- Assignment: Look through the listing below and write out exactly the lines from the line with "22CT Gold Plated" to the line with "Desi lover first time kiss", both included, and no others.

- Available records:
********************

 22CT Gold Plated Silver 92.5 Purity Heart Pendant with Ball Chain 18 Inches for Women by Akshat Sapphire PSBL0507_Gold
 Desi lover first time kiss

********************

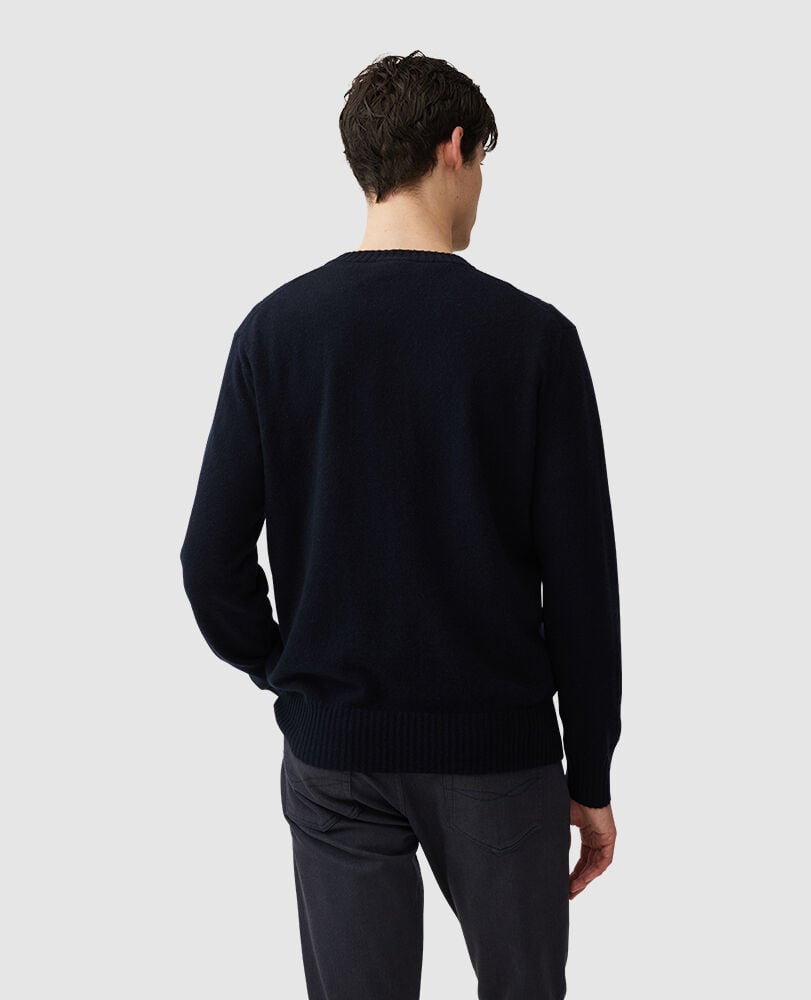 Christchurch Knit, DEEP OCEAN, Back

********************

- Solution:
 22CT Gold Plated Silver 92.5 Purity Heart Pendant with Ball Chain 18 Inches for Women by Akshat Sapphire PSBL0507_Gold
 Desi lover first time kiss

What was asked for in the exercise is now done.